Captioned web images:
##############################

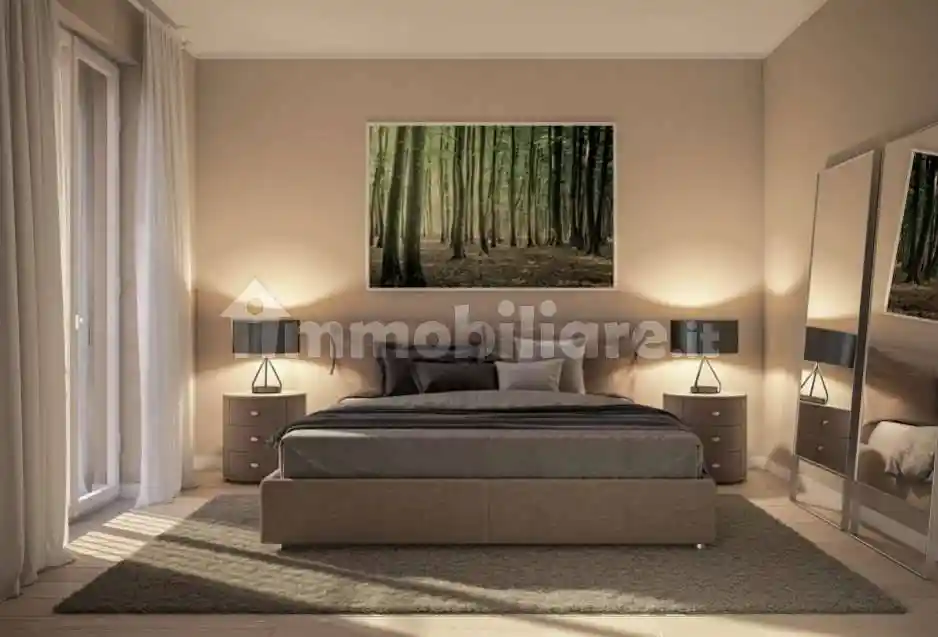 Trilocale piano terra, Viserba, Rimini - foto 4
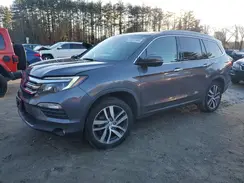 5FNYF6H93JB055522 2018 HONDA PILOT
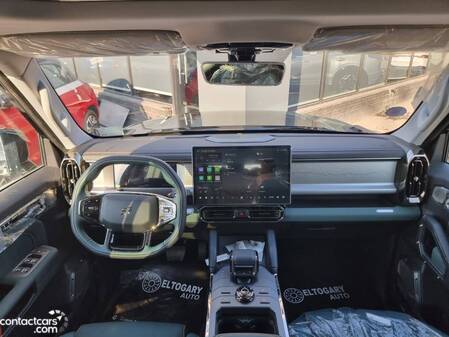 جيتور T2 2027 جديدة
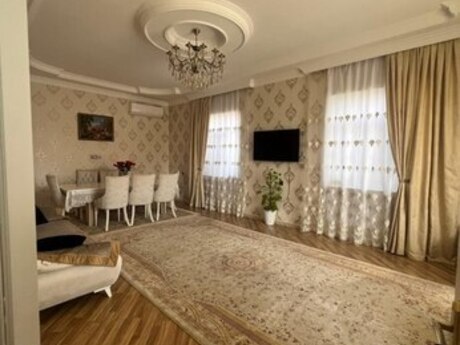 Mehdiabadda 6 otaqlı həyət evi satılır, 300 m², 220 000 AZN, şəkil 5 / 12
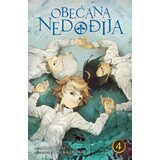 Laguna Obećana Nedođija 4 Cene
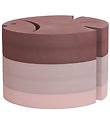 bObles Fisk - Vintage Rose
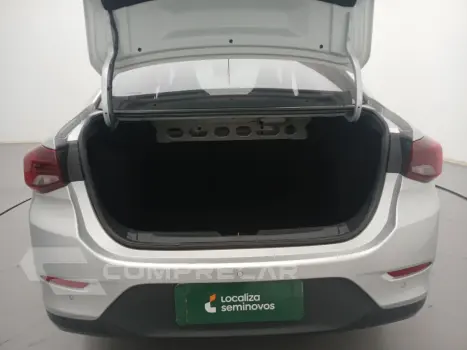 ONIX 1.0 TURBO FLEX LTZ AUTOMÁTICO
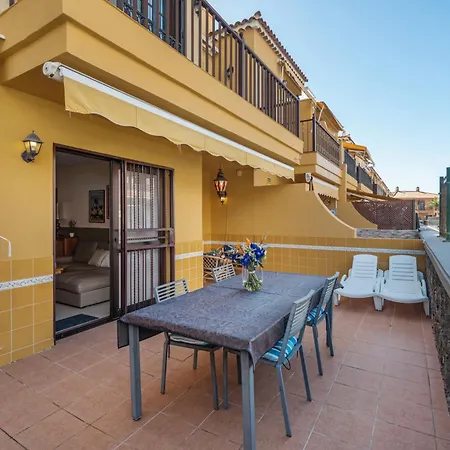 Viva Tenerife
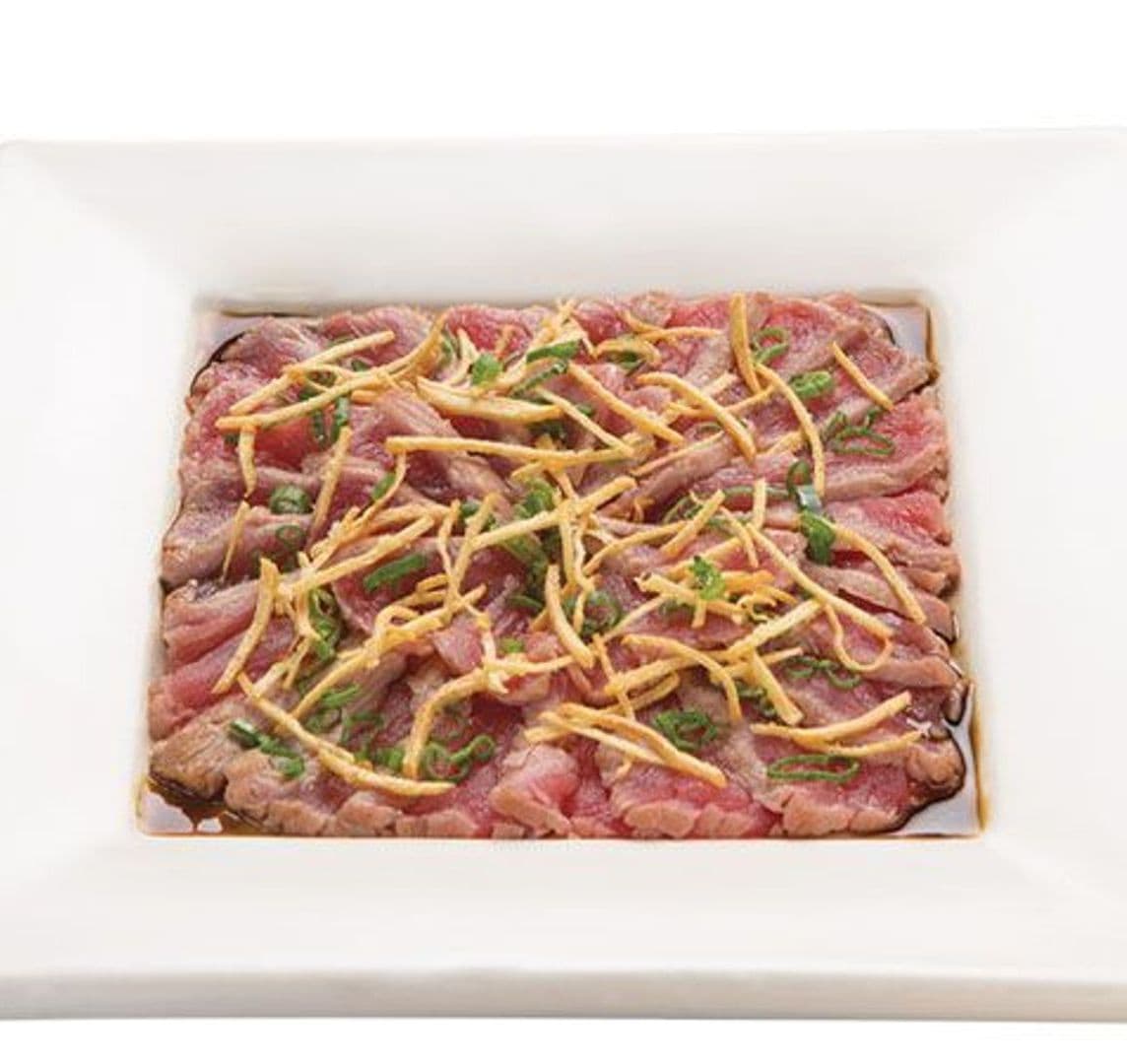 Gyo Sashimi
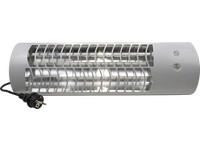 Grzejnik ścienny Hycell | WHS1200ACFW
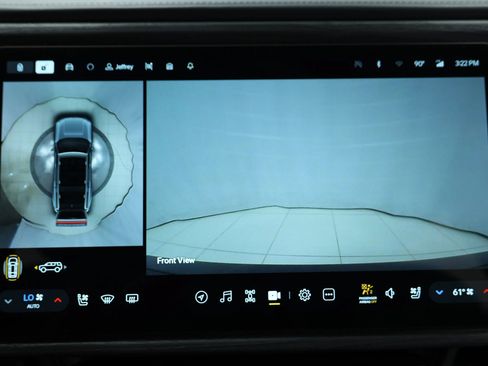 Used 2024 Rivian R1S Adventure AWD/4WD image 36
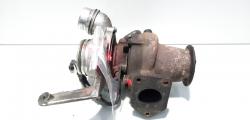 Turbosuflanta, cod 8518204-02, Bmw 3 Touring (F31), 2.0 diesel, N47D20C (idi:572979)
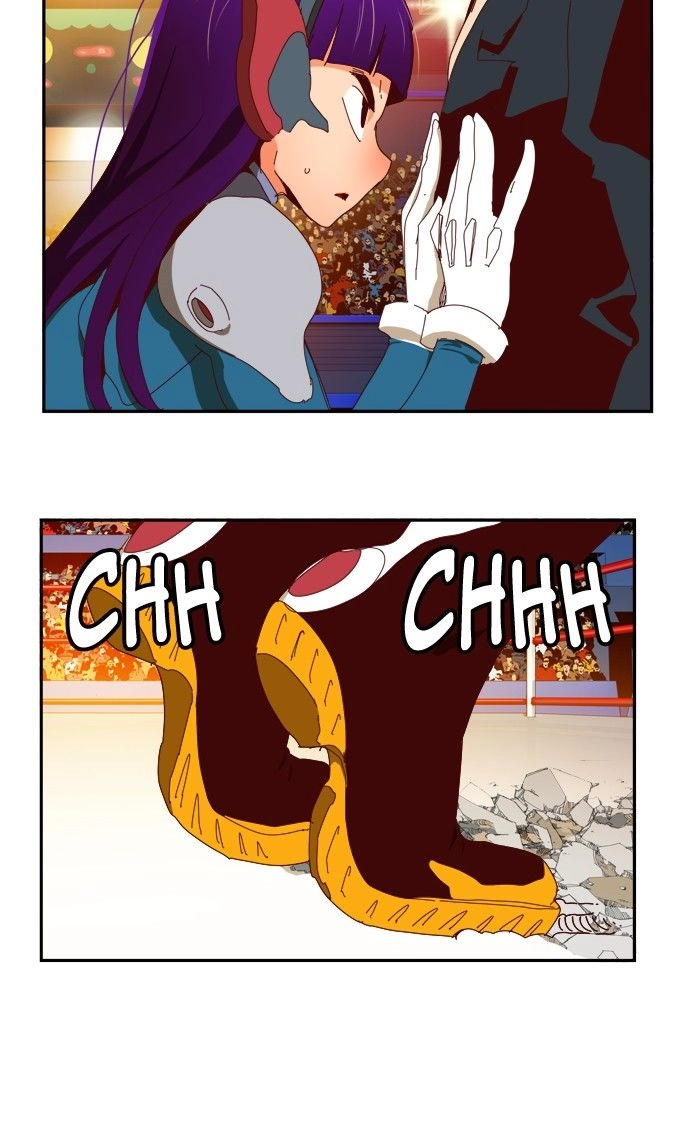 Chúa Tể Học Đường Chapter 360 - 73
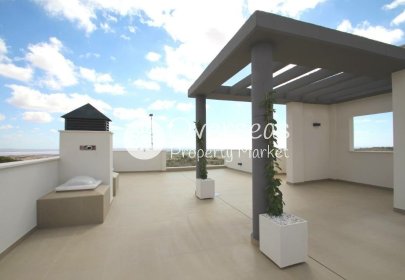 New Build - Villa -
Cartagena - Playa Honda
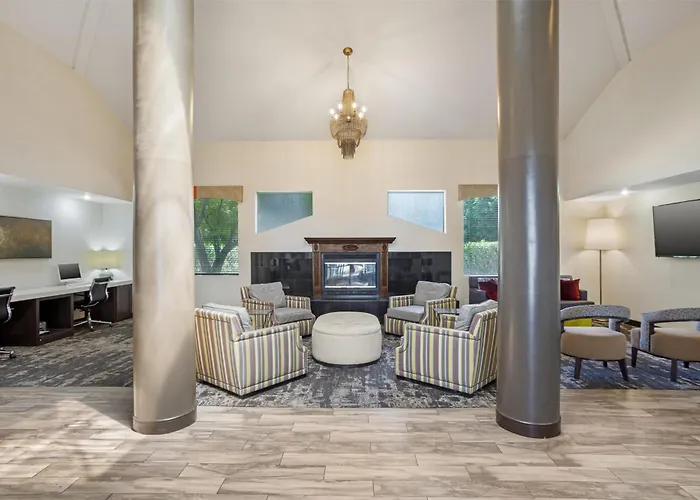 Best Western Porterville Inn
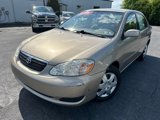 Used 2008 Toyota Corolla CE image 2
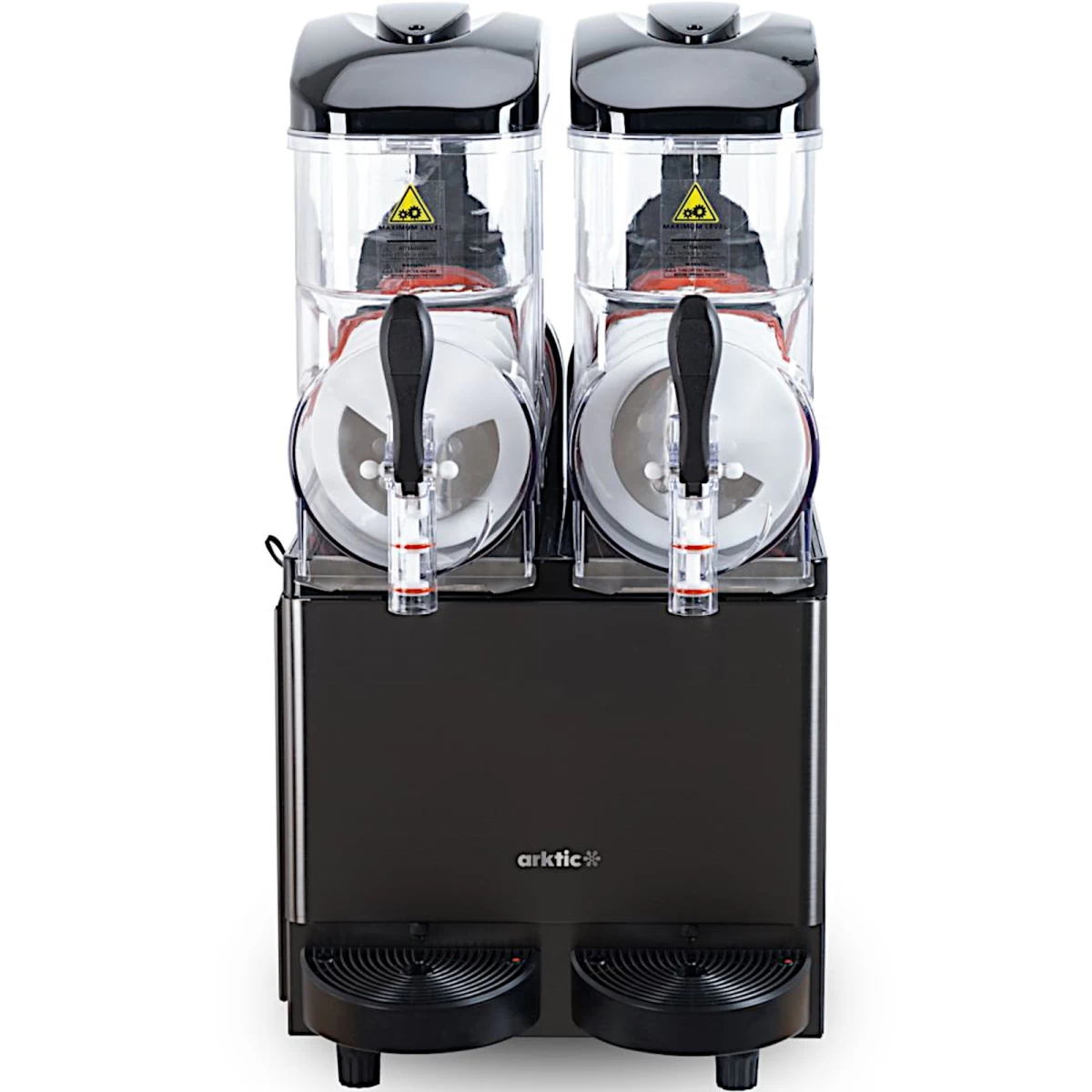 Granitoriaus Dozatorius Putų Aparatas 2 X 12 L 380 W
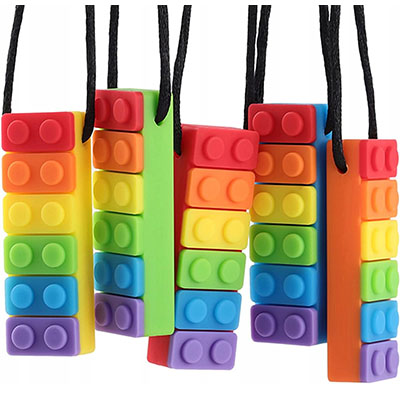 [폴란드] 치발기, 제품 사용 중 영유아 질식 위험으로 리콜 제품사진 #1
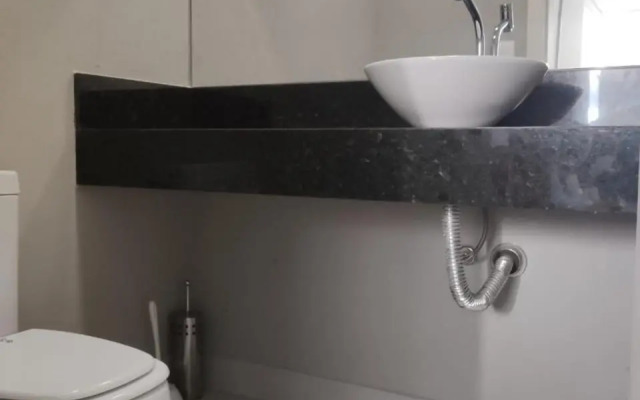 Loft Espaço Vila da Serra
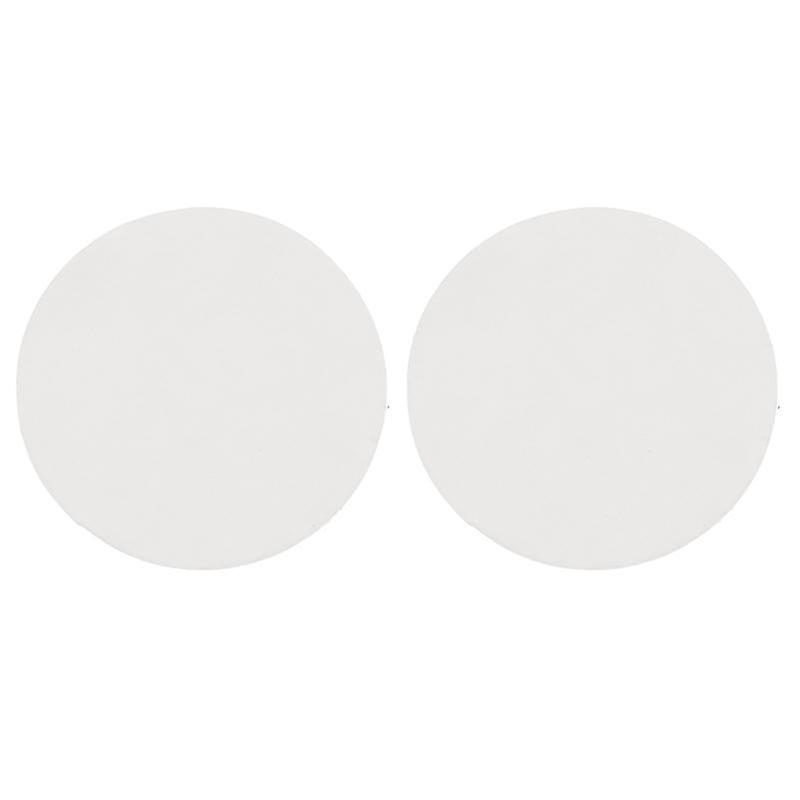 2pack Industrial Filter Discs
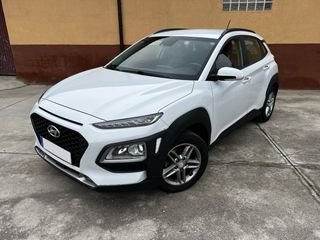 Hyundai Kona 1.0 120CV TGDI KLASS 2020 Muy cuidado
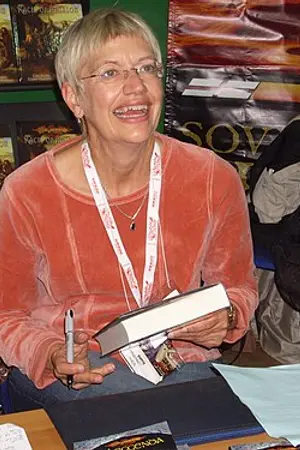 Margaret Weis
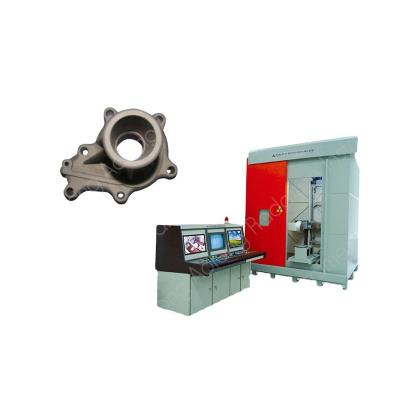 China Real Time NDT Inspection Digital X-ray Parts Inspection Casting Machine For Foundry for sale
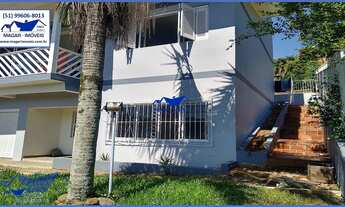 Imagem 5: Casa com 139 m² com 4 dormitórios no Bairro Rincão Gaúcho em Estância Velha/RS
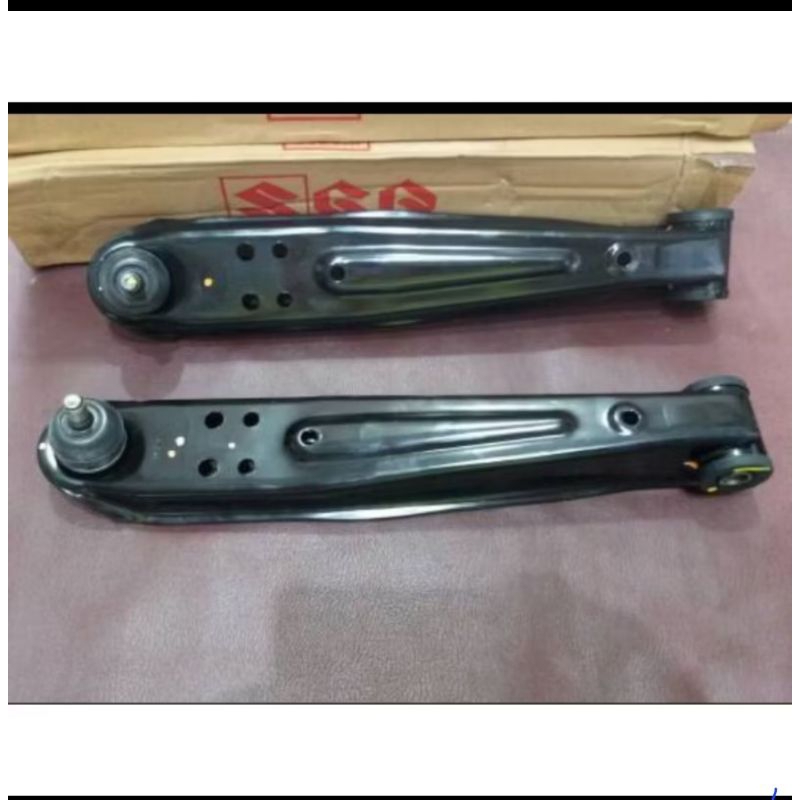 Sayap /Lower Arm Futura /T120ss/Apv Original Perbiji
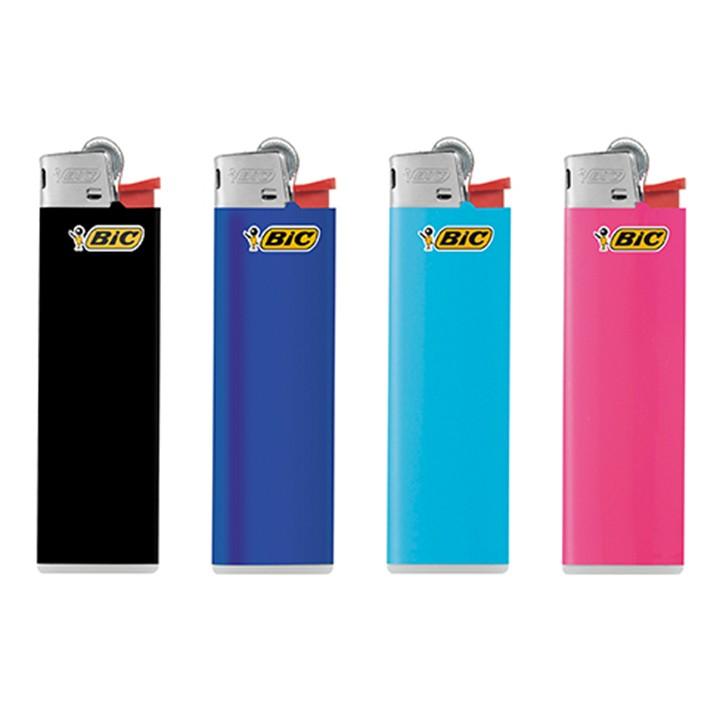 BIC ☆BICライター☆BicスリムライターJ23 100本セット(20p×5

##############################

To do:
What is needed is an exact repetition of every entry, without the pictures.

Task output:
 Trilocale piano terra, Viserba, Rimini - foto 4
 5FNYF6H93JB055522 2018 HONDA PILOT
 جيتور T2 2027 جديدة
 Mehdiabadda 6 otaqlı həyət evi satılır, 300 m², 220 000 AZN, şəkil 5 / 12
 Laguna Obećana Nedođija 4 Cene
 bObles Fisk - Vintage Rose
 ONIX 1.0 TURBO FLEX LTZ AUTOMÁTICO
 Viva Tenerife
 Gyo Sashimi
 Grzejnik ścienny Hycell | WHS1200ACFW
 Used 2024 Rivian R1S Adventure AWD/4WD image 36
 Turbosuflanta, cod 8518204-02, Bmw 3 Touring (F31), 2.0 diesel, N47D20C (idi:572979)
 Chúa Tể Học Đường Chapter 360 - 73
 New Build - Villa -
Cartagena - Playa Honda
 Best Western Porterville Inn
 Used 2008 Toyota Corolla CE image 2
 Granitoriaus Dozatorius Putų Aparatas 2 X 12 L 380 W
 [폴란드] 치발기, 제품 사용 중 영유아 질식 위험으로 리콜 제품사진 #1
 Loft Espaço Vila da Serra
 2pack Industrial Filter Discs
 Hyundai Kona 1.0 120CV TGDI KLASS 2020 Muy cuidado
 Margaret Weis
 China Real Time NDT Inspection Digital X-ray Parts Inspection Casting Machine For Foundry for sale
 Imagem 5: Casa com 139 m² com 4 dormitórios no Bairro Rincão Gaúcho em Estância Velha/RS
 Sayap /Lower Arm Futura /T120ss/Apv Original Perbiji
 BIC ☆BICライター☆BicスリムライターJ23 100本セット(20p×5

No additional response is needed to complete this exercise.